What to do – Within the entries below, the lines from the one with "Electric Fencing Polywire" through the one with "Kathy Bates, Jake McLaughlin in 'Home'" are to be set down exactly, both ends kept.

Exercise inputs –
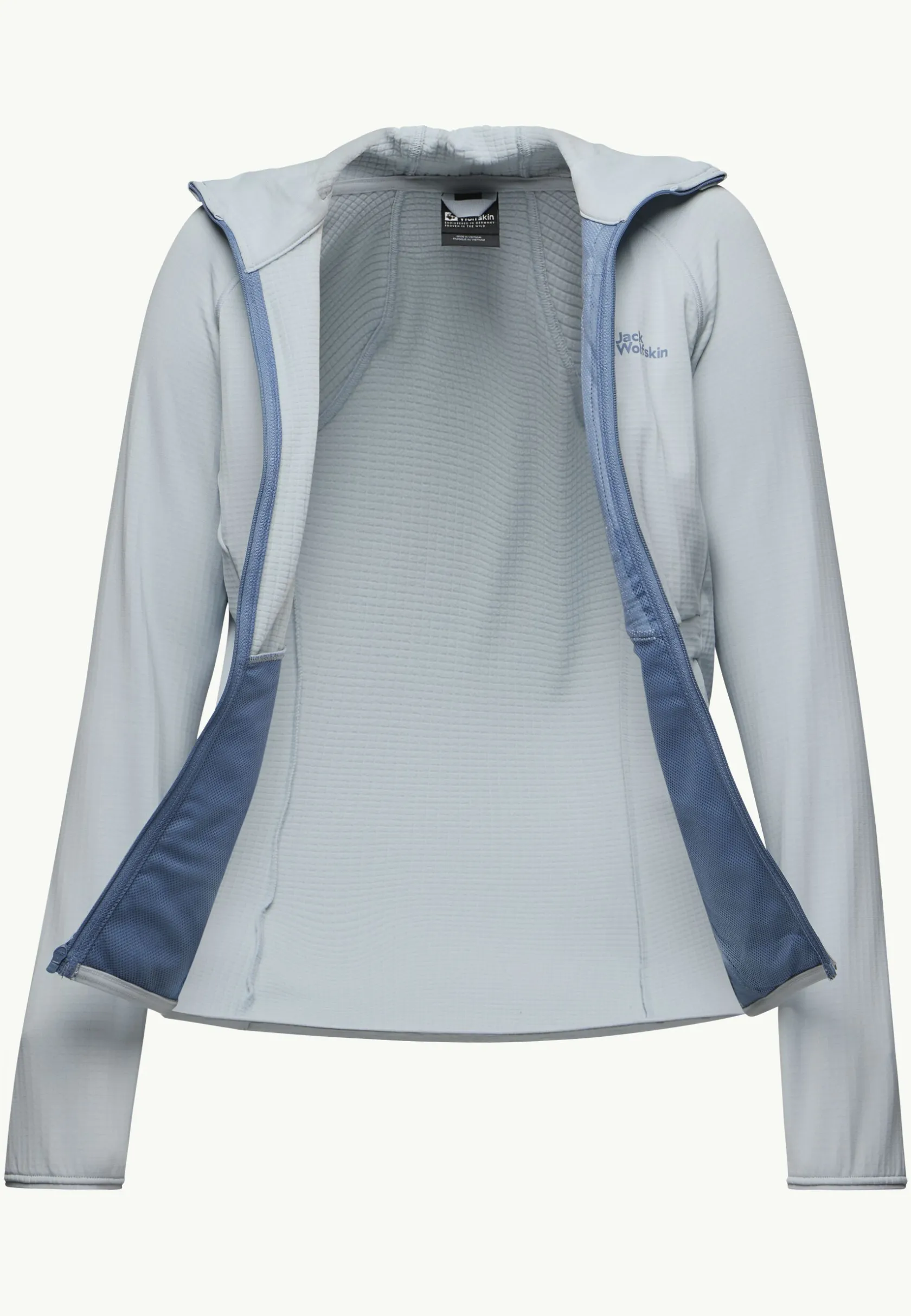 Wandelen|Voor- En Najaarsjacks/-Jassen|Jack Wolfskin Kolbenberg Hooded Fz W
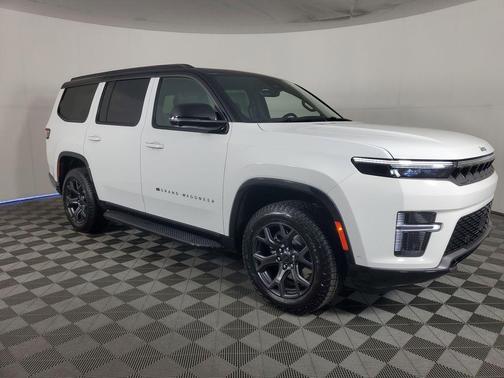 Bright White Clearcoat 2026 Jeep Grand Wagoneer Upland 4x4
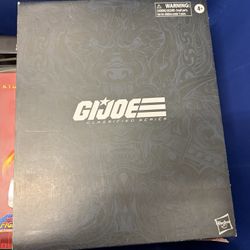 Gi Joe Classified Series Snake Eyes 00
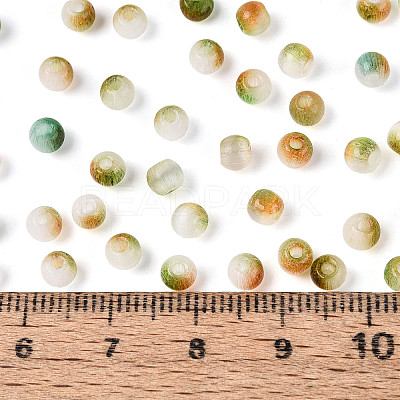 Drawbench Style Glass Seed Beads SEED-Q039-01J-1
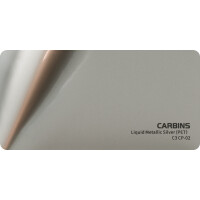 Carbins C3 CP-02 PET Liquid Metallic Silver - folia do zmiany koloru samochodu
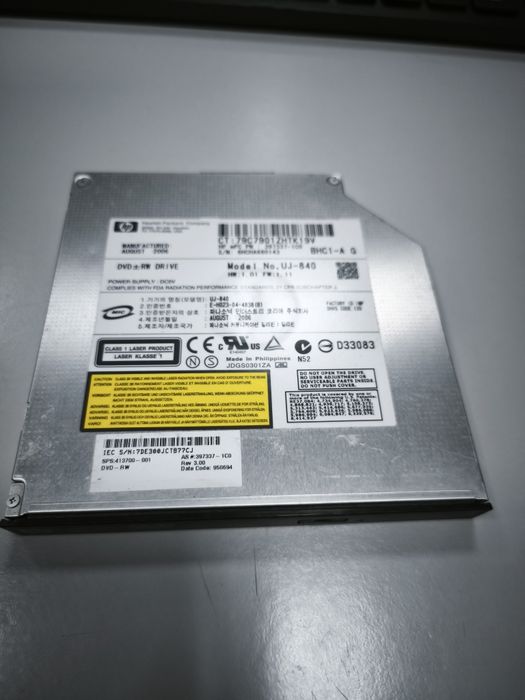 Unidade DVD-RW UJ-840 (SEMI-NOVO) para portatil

==

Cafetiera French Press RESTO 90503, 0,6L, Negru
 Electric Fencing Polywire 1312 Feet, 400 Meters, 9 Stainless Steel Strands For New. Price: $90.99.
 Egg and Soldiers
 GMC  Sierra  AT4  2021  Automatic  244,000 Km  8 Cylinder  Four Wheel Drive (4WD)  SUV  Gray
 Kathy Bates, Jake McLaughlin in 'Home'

Expected answer –
 Electric Fencing Polywire 1312 Feet, 400 Meters, 9 Stainless Steel Strands For New. Price: $90.99.
 Egg and Soldiers
 GMC  Sierra  AT4  2021  Automatic  244,000 Km  8 Cylinder  Four Wheel Drive (4WD)  SUV  Gray
 Kathy Bates, Jake McLaughlin in 'Home'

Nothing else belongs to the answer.